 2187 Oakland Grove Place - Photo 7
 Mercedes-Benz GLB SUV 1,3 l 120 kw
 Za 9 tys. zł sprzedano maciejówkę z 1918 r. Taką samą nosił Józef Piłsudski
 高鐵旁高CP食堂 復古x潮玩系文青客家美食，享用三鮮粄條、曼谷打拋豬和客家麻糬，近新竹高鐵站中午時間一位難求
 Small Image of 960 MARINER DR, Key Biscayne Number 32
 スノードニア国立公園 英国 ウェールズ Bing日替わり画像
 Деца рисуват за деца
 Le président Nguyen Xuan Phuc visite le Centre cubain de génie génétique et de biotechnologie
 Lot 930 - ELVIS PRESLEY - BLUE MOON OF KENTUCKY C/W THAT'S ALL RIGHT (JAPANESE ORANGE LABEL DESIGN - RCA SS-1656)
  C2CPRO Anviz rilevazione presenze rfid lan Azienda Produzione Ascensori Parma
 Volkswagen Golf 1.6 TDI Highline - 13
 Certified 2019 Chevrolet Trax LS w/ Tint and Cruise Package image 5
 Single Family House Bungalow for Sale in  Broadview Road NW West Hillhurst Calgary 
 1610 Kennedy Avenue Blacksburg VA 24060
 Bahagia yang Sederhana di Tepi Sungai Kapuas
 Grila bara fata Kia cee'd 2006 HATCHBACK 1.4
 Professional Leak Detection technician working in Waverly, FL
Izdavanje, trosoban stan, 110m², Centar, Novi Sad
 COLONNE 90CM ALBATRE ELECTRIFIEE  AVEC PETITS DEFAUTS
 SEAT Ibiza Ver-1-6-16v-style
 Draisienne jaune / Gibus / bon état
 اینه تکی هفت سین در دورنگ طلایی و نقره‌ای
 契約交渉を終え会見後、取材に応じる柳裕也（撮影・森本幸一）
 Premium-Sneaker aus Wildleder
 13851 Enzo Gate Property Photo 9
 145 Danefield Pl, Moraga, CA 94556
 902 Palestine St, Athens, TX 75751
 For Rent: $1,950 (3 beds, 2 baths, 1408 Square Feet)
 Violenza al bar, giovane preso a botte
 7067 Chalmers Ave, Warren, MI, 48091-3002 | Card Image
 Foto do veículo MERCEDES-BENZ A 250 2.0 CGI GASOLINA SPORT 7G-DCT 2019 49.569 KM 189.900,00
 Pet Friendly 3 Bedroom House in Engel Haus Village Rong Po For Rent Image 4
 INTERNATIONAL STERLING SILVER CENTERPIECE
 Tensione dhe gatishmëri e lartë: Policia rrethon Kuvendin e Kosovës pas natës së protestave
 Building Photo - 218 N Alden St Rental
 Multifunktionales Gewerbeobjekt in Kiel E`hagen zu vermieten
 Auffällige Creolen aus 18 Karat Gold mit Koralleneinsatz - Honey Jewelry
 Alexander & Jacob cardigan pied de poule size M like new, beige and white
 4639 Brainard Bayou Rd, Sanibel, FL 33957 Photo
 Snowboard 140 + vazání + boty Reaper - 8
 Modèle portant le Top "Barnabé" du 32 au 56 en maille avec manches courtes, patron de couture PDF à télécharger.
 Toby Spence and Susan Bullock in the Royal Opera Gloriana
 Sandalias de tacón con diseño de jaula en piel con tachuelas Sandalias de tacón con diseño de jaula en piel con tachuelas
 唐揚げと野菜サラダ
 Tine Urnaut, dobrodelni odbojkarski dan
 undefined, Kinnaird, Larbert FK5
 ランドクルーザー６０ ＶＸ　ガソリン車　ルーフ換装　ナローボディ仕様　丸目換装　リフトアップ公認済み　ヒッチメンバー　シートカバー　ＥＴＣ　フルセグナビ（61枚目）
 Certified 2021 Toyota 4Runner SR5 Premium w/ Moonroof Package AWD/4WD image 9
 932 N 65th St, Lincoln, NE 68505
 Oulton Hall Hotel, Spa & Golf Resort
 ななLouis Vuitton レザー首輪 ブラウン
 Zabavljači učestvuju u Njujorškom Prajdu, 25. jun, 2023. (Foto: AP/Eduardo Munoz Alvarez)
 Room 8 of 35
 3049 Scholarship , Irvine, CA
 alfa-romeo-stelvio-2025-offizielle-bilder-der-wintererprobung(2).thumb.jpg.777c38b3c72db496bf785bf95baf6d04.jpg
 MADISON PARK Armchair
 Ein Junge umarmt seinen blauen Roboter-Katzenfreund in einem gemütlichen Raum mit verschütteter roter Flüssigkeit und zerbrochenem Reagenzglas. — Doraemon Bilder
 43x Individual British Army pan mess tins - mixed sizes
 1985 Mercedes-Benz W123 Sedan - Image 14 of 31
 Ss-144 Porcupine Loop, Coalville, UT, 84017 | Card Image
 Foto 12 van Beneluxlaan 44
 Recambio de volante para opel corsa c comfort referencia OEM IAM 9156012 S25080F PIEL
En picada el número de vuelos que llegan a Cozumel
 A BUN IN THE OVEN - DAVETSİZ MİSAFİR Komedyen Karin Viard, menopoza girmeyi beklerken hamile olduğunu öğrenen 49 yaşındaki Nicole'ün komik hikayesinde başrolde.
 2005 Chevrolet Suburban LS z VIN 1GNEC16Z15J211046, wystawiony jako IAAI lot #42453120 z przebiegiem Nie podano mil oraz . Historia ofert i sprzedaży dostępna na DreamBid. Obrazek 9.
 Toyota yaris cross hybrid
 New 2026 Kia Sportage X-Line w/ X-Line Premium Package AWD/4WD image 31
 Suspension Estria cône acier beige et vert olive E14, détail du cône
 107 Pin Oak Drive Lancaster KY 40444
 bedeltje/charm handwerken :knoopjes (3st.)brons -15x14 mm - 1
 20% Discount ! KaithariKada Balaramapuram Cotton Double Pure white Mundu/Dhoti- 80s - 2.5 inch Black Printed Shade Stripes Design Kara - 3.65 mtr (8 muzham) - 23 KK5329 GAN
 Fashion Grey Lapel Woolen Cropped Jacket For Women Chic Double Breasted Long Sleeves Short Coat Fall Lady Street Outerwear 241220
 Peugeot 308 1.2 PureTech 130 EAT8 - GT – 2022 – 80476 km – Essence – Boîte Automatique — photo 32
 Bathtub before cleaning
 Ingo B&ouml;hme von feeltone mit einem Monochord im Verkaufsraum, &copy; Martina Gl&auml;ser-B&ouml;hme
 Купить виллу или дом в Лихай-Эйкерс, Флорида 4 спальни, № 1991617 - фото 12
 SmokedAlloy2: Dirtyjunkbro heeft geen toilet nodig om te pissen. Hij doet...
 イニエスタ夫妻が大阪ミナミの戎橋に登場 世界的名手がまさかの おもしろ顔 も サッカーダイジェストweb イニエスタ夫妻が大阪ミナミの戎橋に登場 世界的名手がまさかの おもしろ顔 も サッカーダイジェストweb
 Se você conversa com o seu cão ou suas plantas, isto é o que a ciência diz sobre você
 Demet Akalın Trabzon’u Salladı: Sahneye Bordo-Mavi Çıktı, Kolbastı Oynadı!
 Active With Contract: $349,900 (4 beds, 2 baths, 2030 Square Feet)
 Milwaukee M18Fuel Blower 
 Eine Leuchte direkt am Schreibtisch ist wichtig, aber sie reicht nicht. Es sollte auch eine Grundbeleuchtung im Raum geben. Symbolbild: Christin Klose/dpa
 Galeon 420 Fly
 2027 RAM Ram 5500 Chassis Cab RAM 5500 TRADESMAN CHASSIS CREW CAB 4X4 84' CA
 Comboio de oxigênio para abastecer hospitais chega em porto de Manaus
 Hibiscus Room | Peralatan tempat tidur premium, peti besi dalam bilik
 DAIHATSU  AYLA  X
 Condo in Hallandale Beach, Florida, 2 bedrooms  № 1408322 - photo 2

▶ **EXERCISE INSTRUCTIONS**
Copy out all the entries exactly once more.

▶ **OUTPUT OF THE EXERCISE**
 2187 Oakland Grove Place - Photo 7
 Mercedes-Benz GLB SUV 1,3 l 120 kw
 Za 9 tys. zł sprzedano maciejówkę z 1918 r. Taką samą nosił Józef Piłsudski
 高鐵旁高CP食堂 復古x潮玩系文青客家美食，享用三鮮粄條、曼谷打拋豬和客家麻糬，近新竹高鐵站中午時間一位難求
 Small Image of 960 MARINER DR, Key Biscayne Number 32
 スノードニア国立公園 英国 ウェールズ Bing日替わり画像
 Деца рисуват за деца
 Le président Nguyen Xuan Phuc visite le Centre cubain de génie génétique et de biotechnologie
 Lot 930 - ELVIS PRESLEY - BLUE MOON OF KENTUCKY C/W THAT'S ALL RIGHT (JAPANESE ORANGE LABEL DESIGN - RCA SS-1656)
  C2CPRO Anviz rilevazione presenze rfid lan Azienda Produzione Ascensori Parma
 Volkswagen Golf 1.6 TDI Highline - 13
 Certified 2019 Chevrolet Trax LS w/ Tint and Cruise Package image 5
 Single Family House Bungalow for Sale in  Broadview Road NW West Hillhurst Calgary 
 1610 Kennedy Avenue Blacksburg VA 24060
 Bahagia yang Sederhana di Tepi Sungai Kapuas
 Grila bara fata Kia cee'd 2006 HATCHBACK 1.4
 Professional Leak Detection technician working in Waverly, FL
Izdavanje, trosoban stan, 110m², Centar, Novi Sad
 COLONNE 90CM ALBATRE ELECTRIFIEE  AVEC PETITS DEFAUTS
 SEAT Ibiza Ver-1-6-16v-style
 Draisienne jaune / Gibus / bon état
 اینه تکی هفت سین در دورنگ طلایی و نقره‌ای
 契約交渉を終え会見後、取材に応じる柳裕也（撮影・森本幸一）
 Premium-Sneaker aus Wildleder
 13851 Enzo Gate Property Photo 9
 145 Danefield Pl, Moraga, CA 94556
 902 Palestine St, Athens, TX 75751
 For Rent: $1,950 (3 beds, 2 baths, 1408 Square Feet)
 Violenza al bar, giovane preso a botte
 7067 Chalmers Ave, Warren, MI, 48091-3002 | Card Image
 Foto do veículo MERCEDES-BENZ A 250 2.0 CGI GASOLINA SPORT 7G-DCT 2019 49.569 KM 189.900,00
 Pet Friendly 3 Bedroom House in Engel Haus Village Rong Po For Rent Image 4
 INTERNATIONAL STERLING SILVER CENTERPIECE
 Tensione dhe gatishmëri e lartë: Policia rrethon Kuvendin e Kosovës pas natës së protestave
 Building Photo - 218 N Alden St Rental
 Multifunktionales Gewerbeobjekt in Kiel E`hagen zu vermieten
 Auffällige Creolen aus 18 Karat Gold mit Koralleneinsatz - Honey Jewelry
 Alexander & Jacob cardigan pied de poule size M like new, beige and white
 4639 Brainard Bayou Rd, Sanibel, FL 33957 Photo
 Snowboard 140 + vazání + boty Reaper - 8
 Modèle portant le Top "Barnabé" du 32 au 56 en maille avec manches courtes, patron de couture PDF à télécharger.
 Toby Spence and Susan Bullock in the Royal Opera Gloriana
 Sandalias de tacón con diseño de jaula en piel con tachuelas Sandalias de tacón con diseño de jaula en piel con tachuelas
 唐揚げと野菜サラダ
 Tine Urnaut, dobrodelni odbojkarski dan
 undefined, Kinnaird, Larbert FK5
 ランドクルーザー６０ ＶＸ　ガソリン車　ルーフ換装　ナローボディ仕様　丸目換装　リフトアップ公認済み　ヒッチメンバー　シートカバー　ＥＴＣ　フルセグナビ（61枚目）
 Certified 2021 Toyota 4Runner SR5 Premium w/ Moonroof Package AWD/4WD image 9
 932 N 65th St, Lincoln, NE 68505
 Oulton Hall Hotel, Spa & Golf Resort
 ななLouis Vuitton レザー首輪 ブラウン
 Zabavljači učestvuju u Njujorškom Prajdu, 25. jun, 2023. (Foto: AP/Eduardo Munoz Alvarez)
 Room 8 of 35
 3049 Scholarship , Irvine, CA
 alfa-romeo-stelvio-2025-offizielle-bilder-der-wintererprobung(2).thumb.jpg.777c38b3c72db496bf785bf95baf6d04.jpg
 MADISON PARK Armchair
 Ein Junge umarmt seinen blauen Roboter-Katzenfreund in einem gemütlichen Raum mit verschütteter roter Flüssigkeit und zerbrochenem Reagenzglas. — Doraemon Bilder
 43x Individual British Army pan mess tins - mixed sizes
 1985 Mercedes-Benz W123 Sedan - Image 14 of 31
 Ss-144 Porcupine Loop, Coalville, UT, 84017 | Card Image
 Foto 12 van Beneluxlaan 44
 Recambio de volante para opel corsa c comfort referencia OEM IAM 9156012 S25080F PIEL
En picada el número de vuelos que llegan a Cozumel
 A BUN IN THE OVEN - DAVETSİZ MİSAFİR Komedyen Karin Viard, menopoza girmeyi beklerken hamile olduğunu öğrenen 49 yaşındaki Nicole'ün komik hikayesinde başrolde.
 2005 Chevrolet Suburban LS z VIN 1GNEC16Z15J211046, wystawiony jako IAAI lot #42453120 z przebiegiem Nie podano mil oraz . Historia ofert i sprzedaży dostępna na DreamBid. Obrazek 9.
 Toyota yaris cross hybrid
 New 2026 Kia Sportage X-Line w/ X-Line Premium Package AWD/4WD image 31
 Suspension Estria cône acier beige et vert olive E14, détail du cône
 107 Pin Oak Drive Lancaster KY 40444
 bedeltje/charm handwerken :knoopjes (3st.)brons -15x14 mm - 1
 20% Discount ! KaithariKada Balaramapuram Cotton Double Pure white Mundu/Dhoti- 80s - 2.5 inch Black Printed Shade Stripes Design Kara - 3.65 mtr (8 muzham) - 23 KK5329 GAN
 Fashion Grey Lapel Woolen Cropped Jacket For Women Chic Double Breasted Long Sleeves Short Coat Fall Lady Street Outerwear 241220
 Peugeot 308 1.2 PureTech 130 EAT8 - GT – 2022 – 80476 km – Essence – Boîte Automatique — photo 32
 Bathtub before cleaning
 Ingo B&ouml;hme von feeltone mit einem Monochord im Verkaufsraum, &copy; Martina Gl&auml;ser-B&ouml;hme
 Купить виллу или дом в Лихай-Эйкерс, Флорида 4 спальни, № 1991617 - фото 12
 SmokedAlloy2: Dirtyjunkbro heeft geen toilet nodig om te pissen. Hij doet...
 イニエスタ夫妻が大阪ミナミの戎橋に登場 世界的名手がまさかの おもしろ顔 も サッカーダイジェストweb イニエスタ夫妻が大阪ミナミの戎橋に登場 世界的名手がまさかの おもしろ顔 も サッカーダイジェストweb
 Se você conversa com o seu cão ou suas plantas, isto é o que a ciência diz sobre você
 Demet Akalın Trabzon’u Salladı: Sahneye Bordo-Mavi Çıktı, Kolbastı Oynadı!
 Active With Contract: $349,900 (4 beds, 2 baths, 2030 Square Feet)
 Milwaukee M18Fuel Blower 
 Eine Leuchte direkt am Schreibtisch ist wichtig, aber sie reicht nicht. Es sollte auch eine Grundbeleuchtung im Raum geben. Symbolbild: Christin Klose/dpa
 Galeon 420 Fly
 2027 RAM Ram 5500 Chassis Cab RAM 5500 TRADESMAN CHASSIS CREW CAB 4X4 84' CA
 Comboio de oxigênio para abastecer hospitais chega em porto de Manaus
 Hibiscus Room | Peralatan tempat tidur premium, peti besi dalam bilik
 DAIHATSU  AYLA  X
 Condo in Hallandale Beach, Florida, 2 bedrooms  № 1408322 - photo 2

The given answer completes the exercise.